**TASK REQUIREMENTS:**
For the data that follows, print the line with "SHIBABEAST #2475", the line with "Photo 5 from", and all lines between them, exactly as they stand. Omit pictures and add nothing.

Crawled caption data

= Beginning of Section =

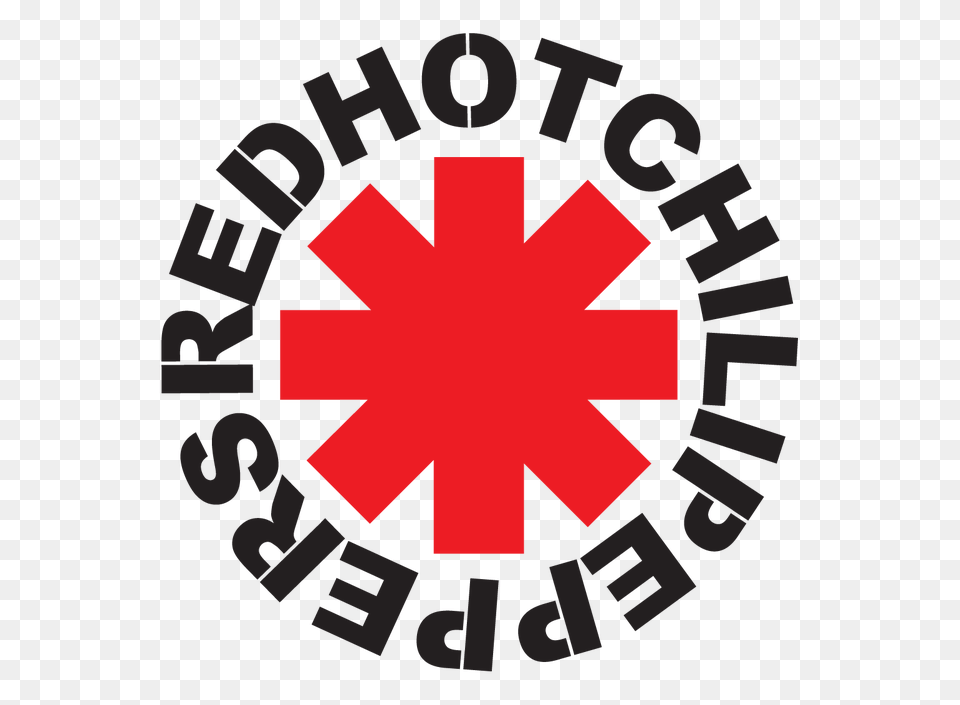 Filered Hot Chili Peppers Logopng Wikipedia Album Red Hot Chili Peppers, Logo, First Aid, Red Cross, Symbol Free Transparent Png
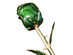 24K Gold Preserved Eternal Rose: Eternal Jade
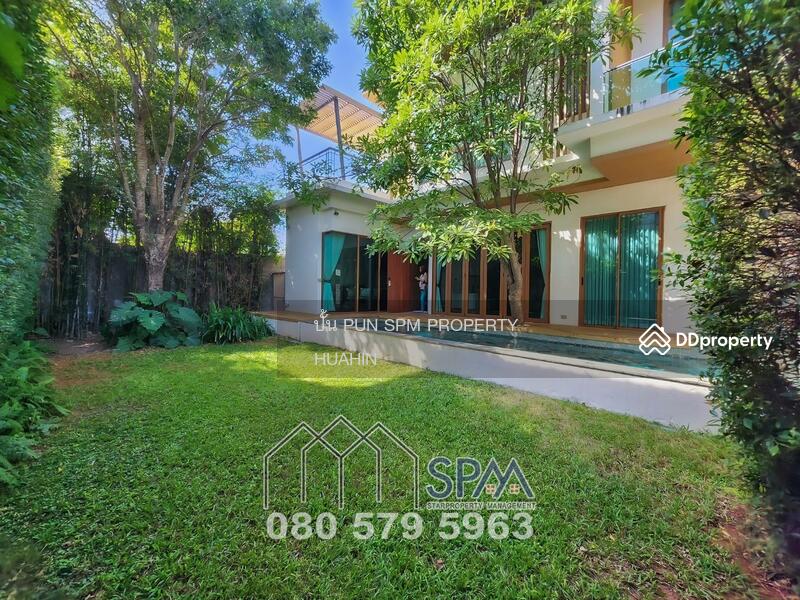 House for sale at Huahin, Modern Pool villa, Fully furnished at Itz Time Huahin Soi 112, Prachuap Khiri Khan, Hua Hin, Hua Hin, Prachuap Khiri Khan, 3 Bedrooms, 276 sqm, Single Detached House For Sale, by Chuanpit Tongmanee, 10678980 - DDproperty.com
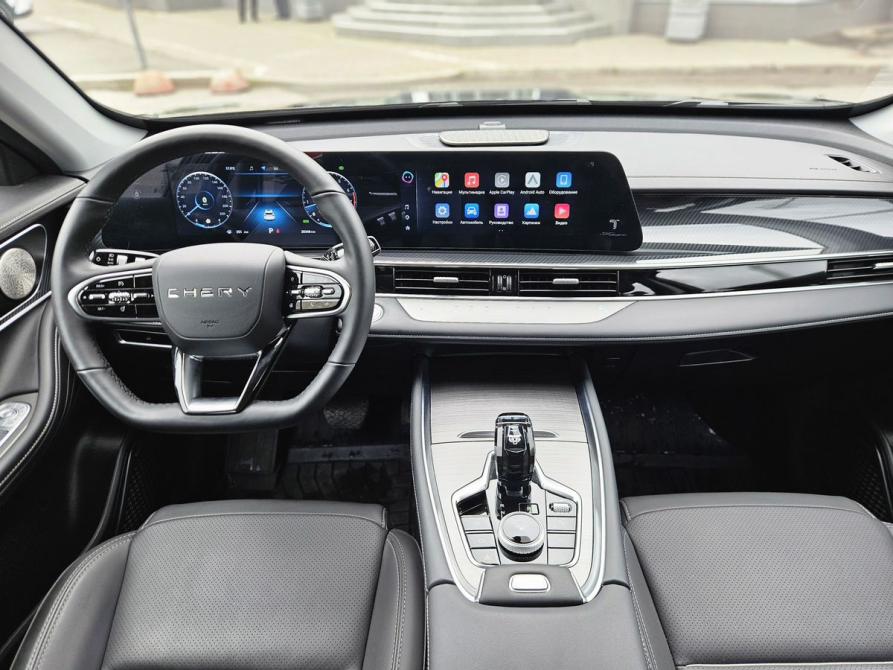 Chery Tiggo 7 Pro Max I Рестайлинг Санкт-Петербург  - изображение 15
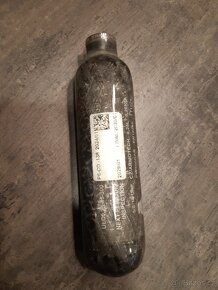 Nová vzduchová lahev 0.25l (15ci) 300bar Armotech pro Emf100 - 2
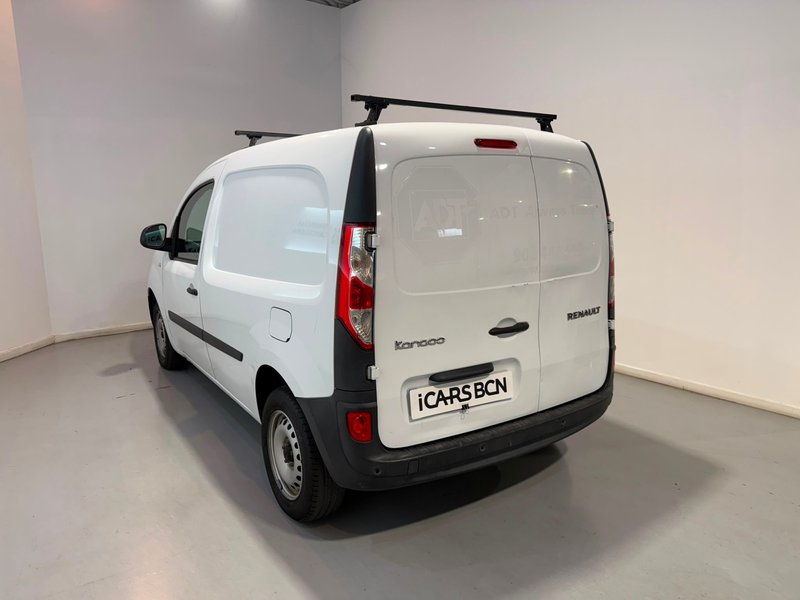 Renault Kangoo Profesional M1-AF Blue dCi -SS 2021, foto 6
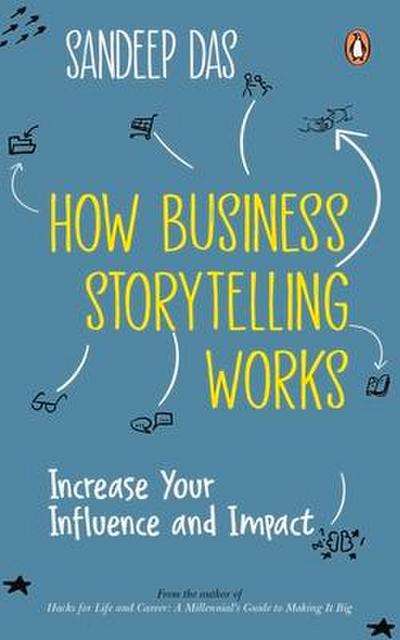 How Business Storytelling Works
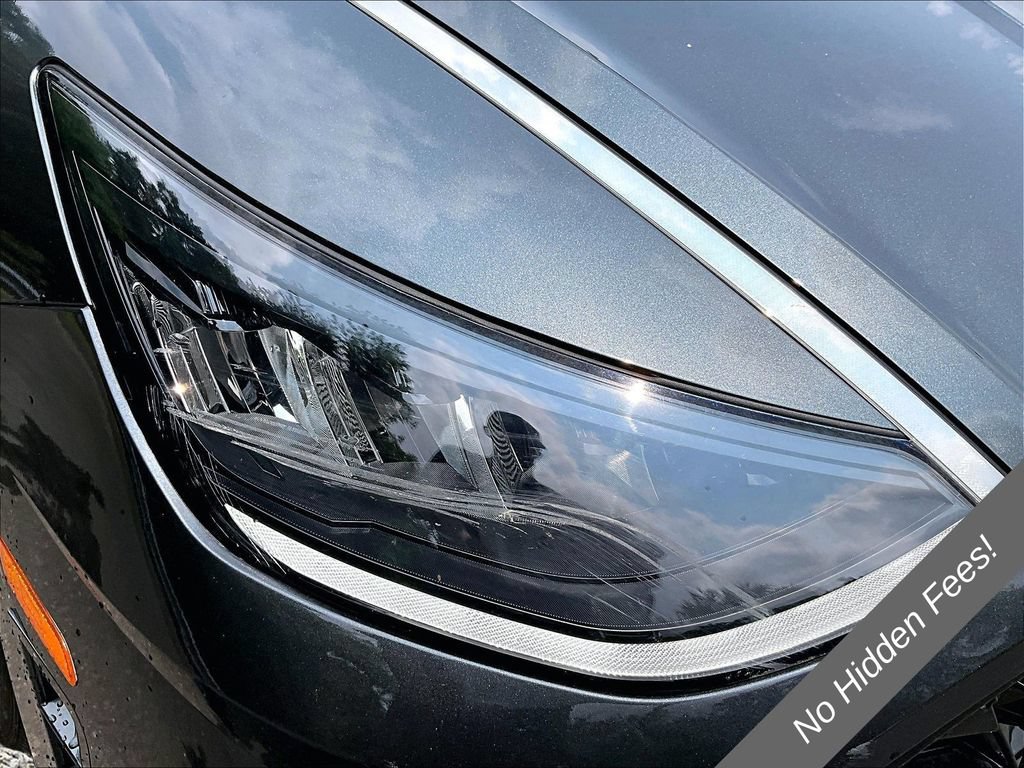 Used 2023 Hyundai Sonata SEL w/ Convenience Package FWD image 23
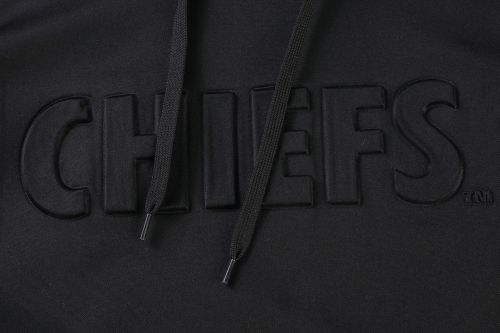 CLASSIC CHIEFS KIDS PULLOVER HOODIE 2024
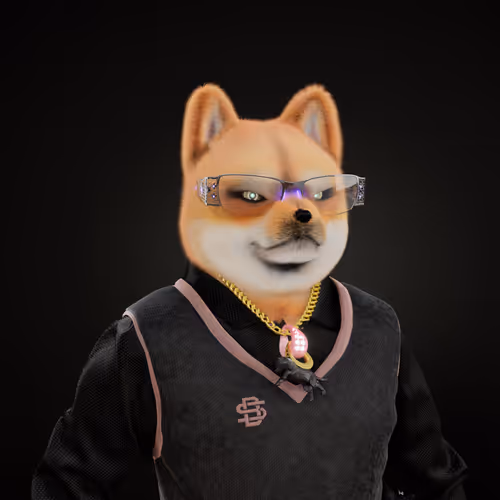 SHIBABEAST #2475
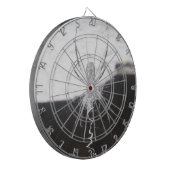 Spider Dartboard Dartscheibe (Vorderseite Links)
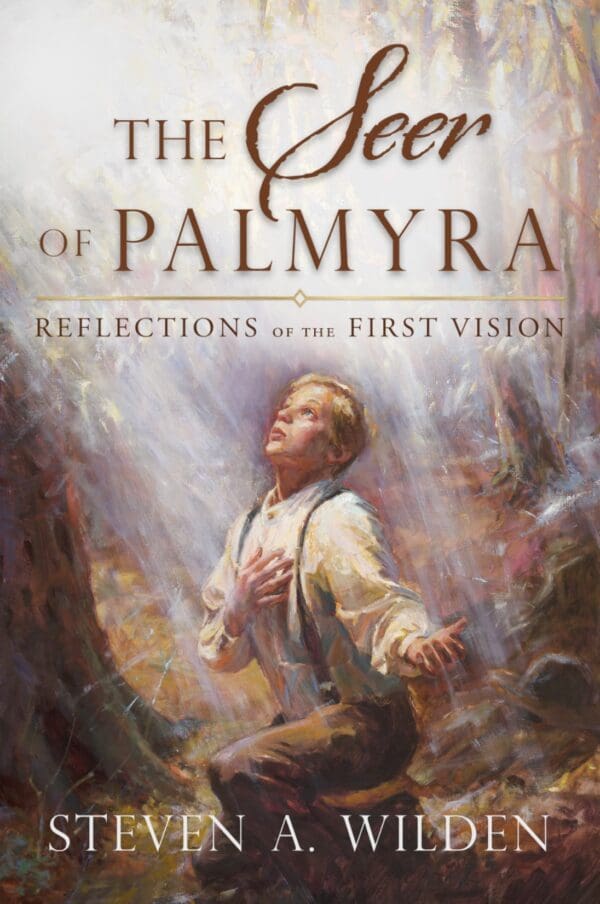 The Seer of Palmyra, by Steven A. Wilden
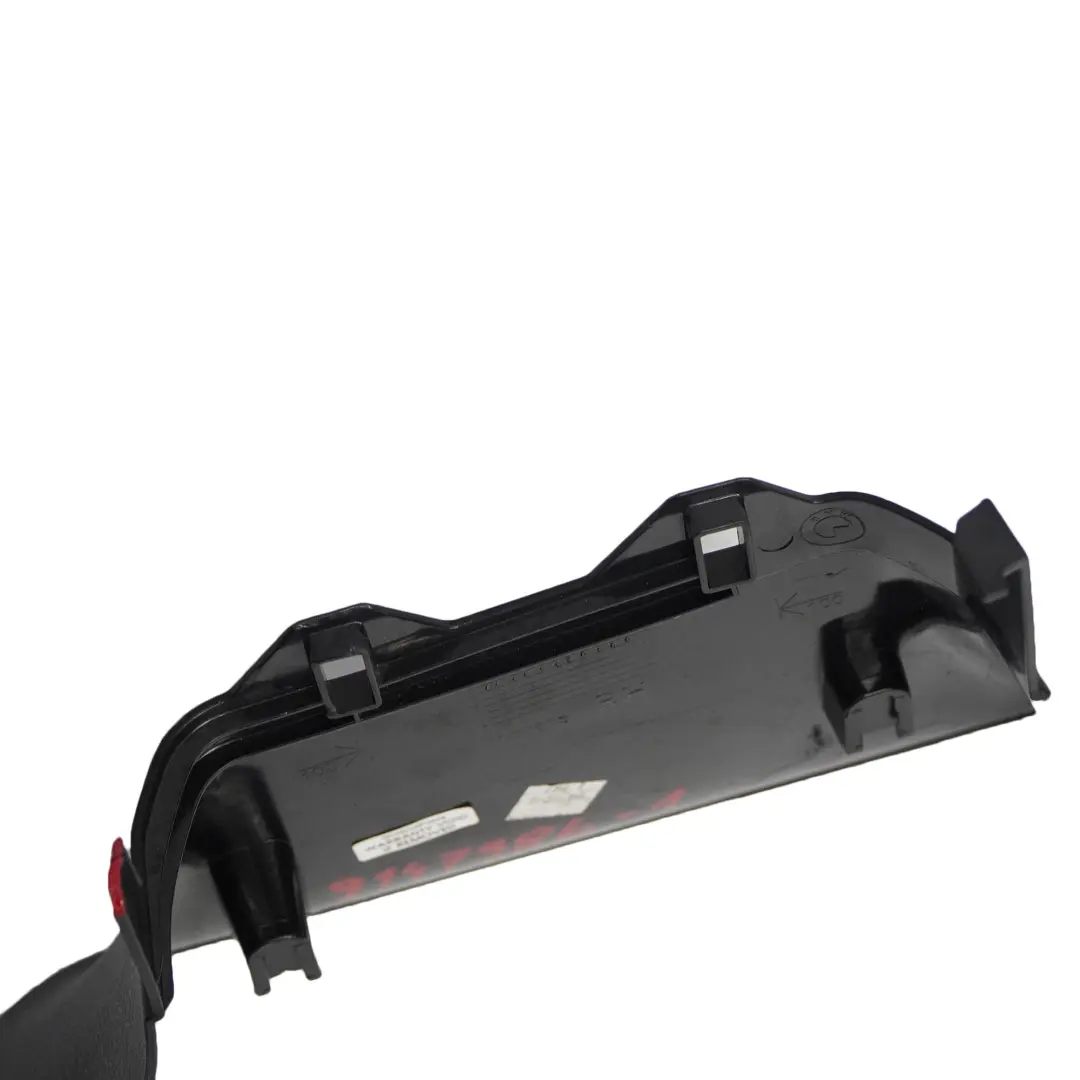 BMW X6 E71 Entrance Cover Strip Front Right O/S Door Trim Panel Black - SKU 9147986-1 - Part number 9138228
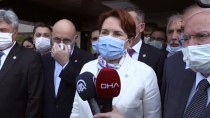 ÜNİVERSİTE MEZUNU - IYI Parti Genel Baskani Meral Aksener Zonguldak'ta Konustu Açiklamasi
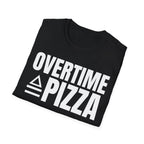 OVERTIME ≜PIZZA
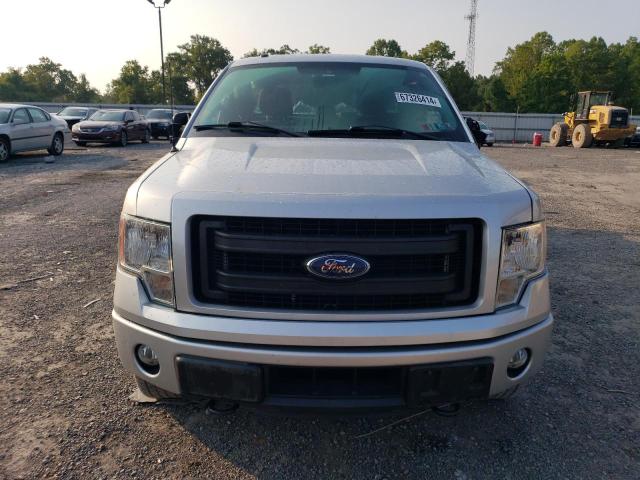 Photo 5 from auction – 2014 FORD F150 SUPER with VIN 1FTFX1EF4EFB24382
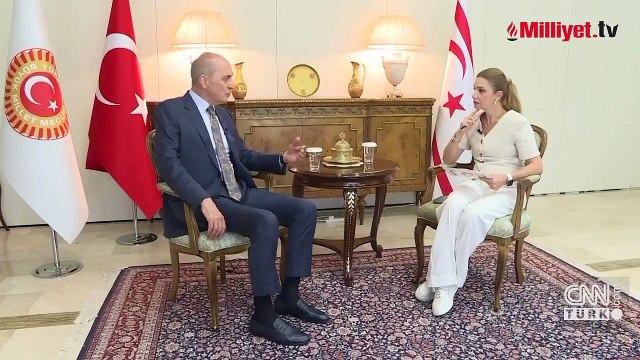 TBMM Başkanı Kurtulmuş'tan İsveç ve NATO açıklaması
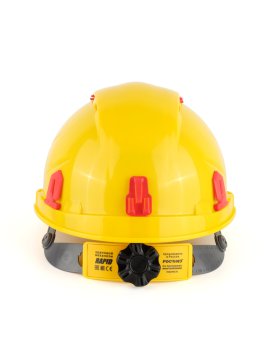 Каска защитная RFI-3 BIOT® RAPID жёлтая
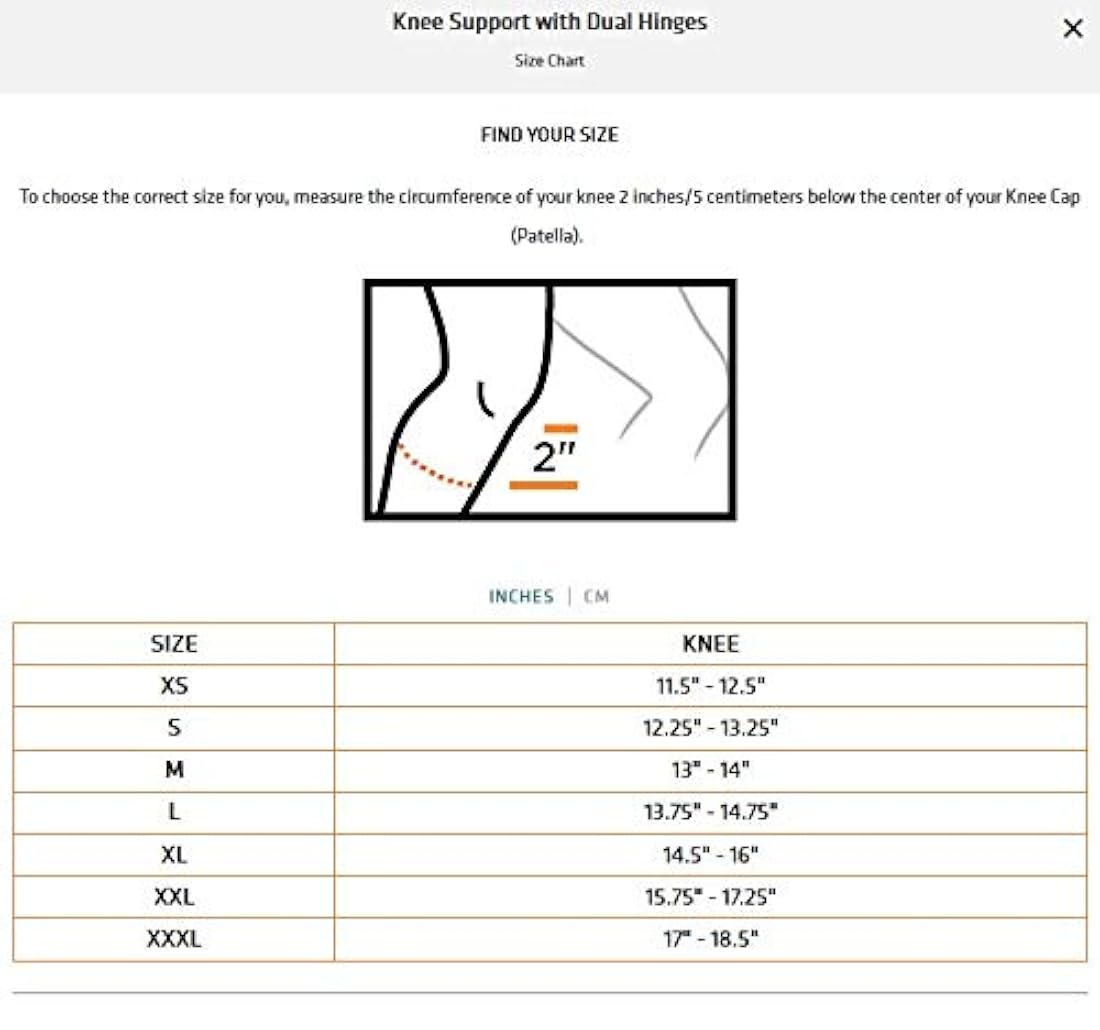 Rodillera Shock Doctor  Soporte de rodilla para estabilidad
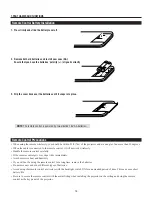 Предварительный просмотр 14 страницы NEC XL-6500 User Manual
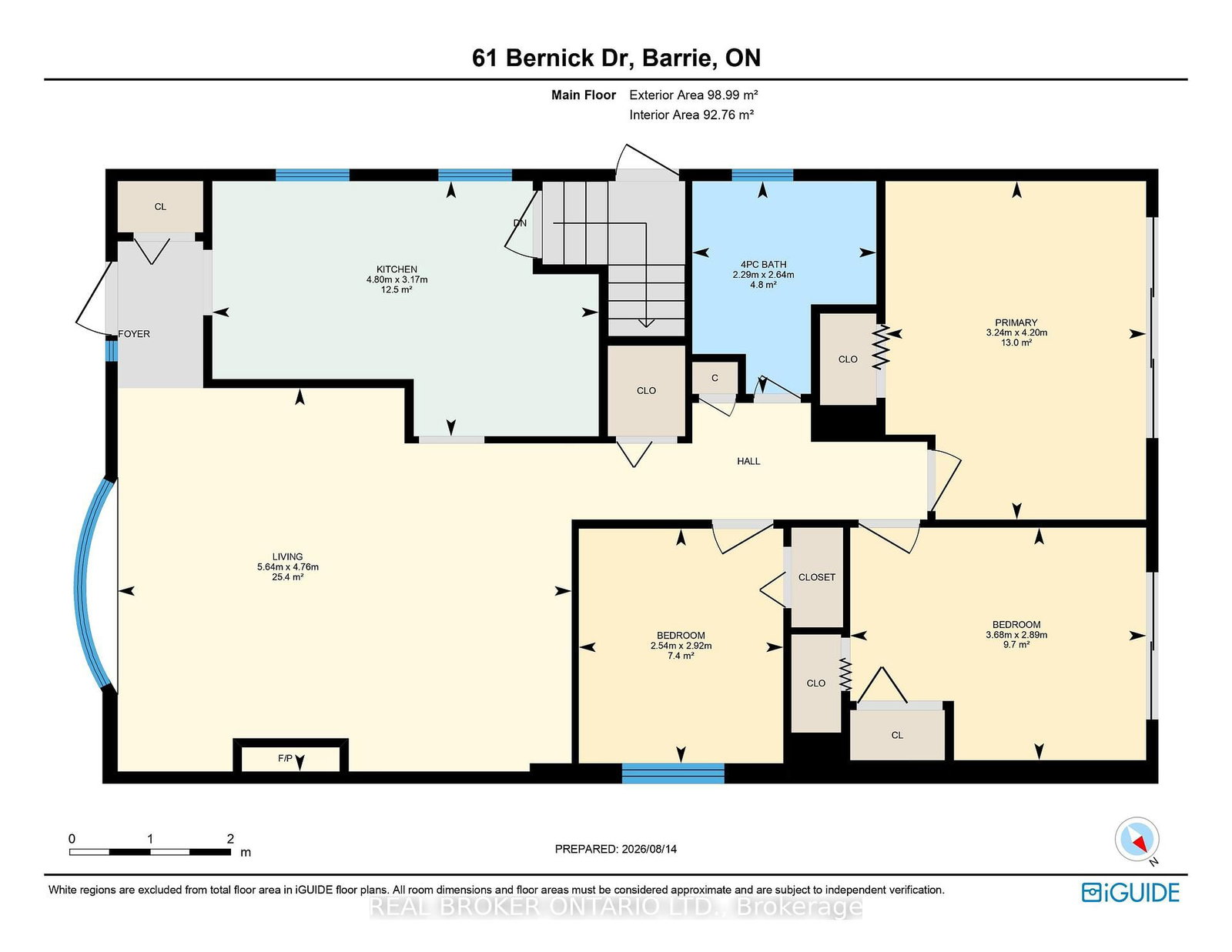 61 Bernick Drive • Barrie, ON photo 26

= End of Section =

**ANSWER BELOW:**
 SHIBABEAST #2475
 Spider Dartboard Dartscheibe (Vorderseite Links)
 The Seer of Palmyra, by Steven A. Wilden
 BMW X6 E71 Entrance Cover Strip Front Right O/S Door Trim Panel Black - SKU 9147986-1 - Part number 9138228
 ÜNİVERSİTE MEZUNU - IYI Parti Genel Baskani Meral Aksener Zonguldak'ta Konustu Açiklamasi
 OVERTIME ≜PIZZA
 Photo 5 from auction – 2014 FORD F150 SUPER with VIN 1FTFX1EF4EFB24382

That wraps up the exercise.